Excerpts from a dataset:
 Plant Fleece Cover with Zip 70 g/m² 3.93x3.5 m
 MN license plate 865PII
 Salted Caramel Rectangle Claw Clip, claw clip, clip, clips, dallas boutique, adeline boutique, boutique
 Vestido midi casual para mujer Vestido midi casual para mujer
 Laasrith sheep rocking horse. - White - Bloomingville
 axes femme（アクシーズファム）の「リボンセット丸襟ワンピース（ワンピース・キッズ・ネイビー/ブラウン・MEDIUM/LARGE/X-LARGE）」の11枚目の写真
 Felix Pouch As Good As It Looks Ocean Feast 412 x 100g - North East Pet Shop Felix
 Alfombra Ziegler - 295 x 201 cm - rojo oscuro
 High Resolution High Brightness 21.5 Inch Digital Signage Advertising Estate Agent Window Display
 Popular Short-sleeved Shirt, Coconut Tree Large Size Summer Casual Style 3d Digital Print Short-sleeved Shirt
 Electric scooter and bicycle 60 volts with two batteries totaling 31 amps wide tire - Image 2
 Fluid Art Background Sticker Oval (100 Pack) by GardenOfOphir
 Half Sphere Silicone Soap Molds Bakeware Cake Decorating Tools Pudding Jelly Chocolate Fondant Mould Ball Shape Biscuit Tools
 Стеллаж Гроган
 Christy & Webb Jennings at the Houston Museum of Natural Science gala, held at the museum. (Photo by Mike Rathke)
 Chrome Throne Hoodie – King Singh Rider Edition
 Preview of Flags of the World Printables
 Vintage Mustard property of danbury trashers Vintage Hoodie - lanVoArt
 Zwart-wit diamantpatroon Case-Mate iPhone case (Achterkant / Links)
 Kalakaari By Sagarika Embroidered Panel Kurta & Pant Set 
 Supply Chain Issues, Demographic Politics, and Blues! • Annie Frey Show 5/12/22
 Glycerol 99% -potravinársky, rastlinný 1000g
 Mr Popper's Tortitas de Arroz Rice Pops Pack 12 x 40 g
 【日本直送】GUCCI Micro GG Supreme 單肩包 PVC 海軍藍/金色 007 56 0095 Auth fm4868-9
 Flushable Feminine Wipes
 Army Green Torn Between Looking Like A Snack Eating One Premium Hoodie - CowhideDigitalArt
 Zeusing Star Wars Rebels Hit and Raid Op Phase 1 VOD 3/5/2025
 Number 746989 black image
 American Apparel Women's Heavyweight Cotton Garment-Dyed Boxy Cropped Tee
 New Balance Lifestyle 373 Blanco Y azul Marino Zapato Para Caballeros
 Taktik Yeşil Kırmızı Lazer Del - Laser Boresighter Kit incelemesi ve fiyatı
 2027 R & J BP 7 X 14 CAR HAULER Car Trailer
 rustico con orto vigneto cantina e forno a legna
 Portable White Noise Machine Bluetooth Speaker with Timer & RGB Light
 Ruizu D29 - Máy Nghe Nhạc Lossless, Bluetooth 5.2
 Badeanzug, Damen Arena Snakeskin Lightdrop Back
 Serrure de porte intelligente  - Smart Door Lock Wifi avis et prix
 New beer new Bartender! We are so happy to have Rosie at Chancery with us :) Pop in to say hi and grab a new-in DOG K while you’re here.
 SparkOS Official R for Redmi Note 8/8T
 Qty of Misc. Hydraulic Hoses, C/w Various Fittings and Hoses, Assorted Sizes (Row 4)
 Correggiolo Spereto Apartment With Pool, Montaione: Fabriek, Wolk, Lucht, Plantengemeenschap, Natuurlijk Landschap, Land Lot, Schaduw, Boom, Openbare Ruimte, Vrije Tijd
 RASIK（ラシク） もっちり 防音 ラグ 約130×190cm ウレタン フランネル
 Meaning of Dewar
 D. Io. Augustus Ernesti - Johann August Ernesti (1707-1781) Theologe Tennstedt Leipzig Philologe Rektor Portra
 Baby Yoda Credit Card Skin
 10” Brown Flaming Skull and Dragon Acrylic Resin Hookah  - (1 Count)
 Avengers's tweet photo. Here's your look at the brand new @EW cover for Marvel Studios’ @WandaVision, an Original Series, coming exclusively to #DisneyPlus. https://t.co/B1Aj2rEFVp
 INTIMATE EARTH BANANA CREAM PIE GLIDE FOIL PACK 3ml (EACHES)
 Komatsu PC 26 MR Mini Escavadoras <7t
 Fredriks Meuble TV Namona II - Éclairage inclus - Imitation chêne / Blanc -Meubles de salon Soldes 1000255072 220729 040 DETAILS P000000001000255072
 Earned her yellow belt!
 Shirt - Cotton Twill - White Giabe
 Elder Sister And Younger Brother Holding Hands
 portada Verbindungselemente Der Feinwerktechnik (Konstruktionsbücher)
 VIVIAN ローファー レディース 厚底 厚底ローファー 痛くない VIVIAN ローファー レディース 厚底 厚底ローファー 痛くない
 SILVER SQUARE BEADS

PROBLEM STATEMENT: In how many lines of the data above does the word "Bluetooth" occur? Only the number is wanted.

ANSWER FOR THE TASK: 2